The CAN-SLIM-esque Screen Review

5 drop outs this week. They are:-

Plus500 (LON:PLUS) - out of price drop - below 50 day MA and more than 15% below 52 week high

Gamma Communications (LON:GAMA) - Out of Q on Q EPS growth

Morgan Sindall (LON:MGNS) - Like Plus 500 - 50 DAY MA and 52 week high\

ASOS (LON:ASC) - RS 1 year < 75% and price fell below 50 day MA

Spirax-Sarco Engineering (LON:SPX) - Poor old Spirax - only in for a week then out again on RS 1 year.

What is in:

TCS Holding (LON:TCS)

The Russian finance company - it has had 6 days in the red last week, Friday had huge volatility, briefly dipping below the 50 day MA but bounced back.

Globaltrans Investment (LON:GLTR)

This is following the rest of the market this week - stalled.

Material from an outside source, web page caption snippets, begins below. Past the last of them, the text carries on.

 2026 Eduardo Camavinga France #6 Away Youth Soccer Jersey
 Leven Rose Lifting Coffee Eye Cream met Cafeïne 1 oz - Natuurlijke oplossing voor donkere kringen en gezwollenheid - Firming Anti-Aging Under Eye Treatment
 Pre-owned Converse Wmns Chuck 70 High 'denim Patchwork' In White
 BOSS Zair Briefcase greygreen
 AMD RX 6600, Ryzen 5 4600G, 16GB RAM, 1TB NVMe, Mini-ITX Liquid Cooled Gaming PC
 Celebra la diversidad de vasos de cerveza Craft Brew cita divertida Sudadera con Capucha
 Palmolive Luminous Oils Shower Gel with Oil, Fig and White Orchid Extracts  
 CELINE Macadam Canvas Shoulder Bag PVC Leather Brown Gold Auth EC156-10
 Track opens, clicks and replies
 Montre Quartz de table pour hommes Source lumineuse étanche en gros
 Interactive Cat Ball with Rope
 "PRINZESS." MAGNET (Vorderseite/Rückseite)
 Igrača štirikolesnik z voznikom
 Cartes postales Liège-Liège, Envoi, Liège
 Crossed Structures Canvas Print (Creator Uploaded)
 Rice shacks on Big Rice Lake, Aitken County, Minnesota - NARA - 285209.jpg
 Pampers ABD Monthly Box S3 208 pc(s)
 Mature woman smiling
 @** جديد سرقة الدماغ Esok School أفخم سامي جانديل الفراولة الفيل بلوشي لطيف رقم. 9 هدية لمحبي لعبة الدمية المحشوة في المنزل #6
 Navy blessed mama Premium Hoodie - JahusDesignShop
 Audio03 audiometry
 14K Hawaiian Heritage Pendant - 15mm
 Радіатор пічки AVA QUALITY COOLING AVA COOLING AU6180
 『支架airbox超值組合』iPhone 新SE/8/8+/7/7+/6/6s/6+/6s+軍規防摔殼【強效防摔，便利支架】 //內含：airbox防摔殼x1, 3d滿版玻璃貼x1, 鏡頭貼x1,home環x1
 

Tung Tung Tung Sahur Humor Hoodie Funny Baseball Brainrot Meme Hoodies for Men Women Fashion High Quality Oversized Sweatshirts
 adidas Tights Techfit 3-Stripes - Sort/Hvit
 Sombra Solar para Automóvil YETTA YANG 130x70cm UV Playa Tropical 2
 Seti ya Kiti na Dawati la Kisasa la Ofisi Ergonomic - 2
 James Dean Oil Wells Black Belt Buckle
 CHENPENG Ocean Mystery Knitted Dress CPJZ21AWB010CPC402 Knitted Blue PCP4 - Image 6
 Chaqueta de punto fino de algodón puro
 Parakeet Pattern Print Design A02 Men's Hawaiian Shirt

Fevertree Drinks (LON:FEVR)

Quite positive how little interest there has been in selling Fevertree this today. Very low volume, tight range. One too look out for when conditions improve?

Kaz Minerals (LON:KAZ)

See comments for Fevertree - almost same pattern

Tatneft' PAO (LON:ATAD)

I don’t cover this. Why do I bother writing this each week? I may as well write something! Ok here goes. Volume is reasonably high at the moment, but no real price movement.

IG Group (LON:IGG)

Latest addition to the portfolio - lost 2.5% today but pleased to see volume is lowest recently.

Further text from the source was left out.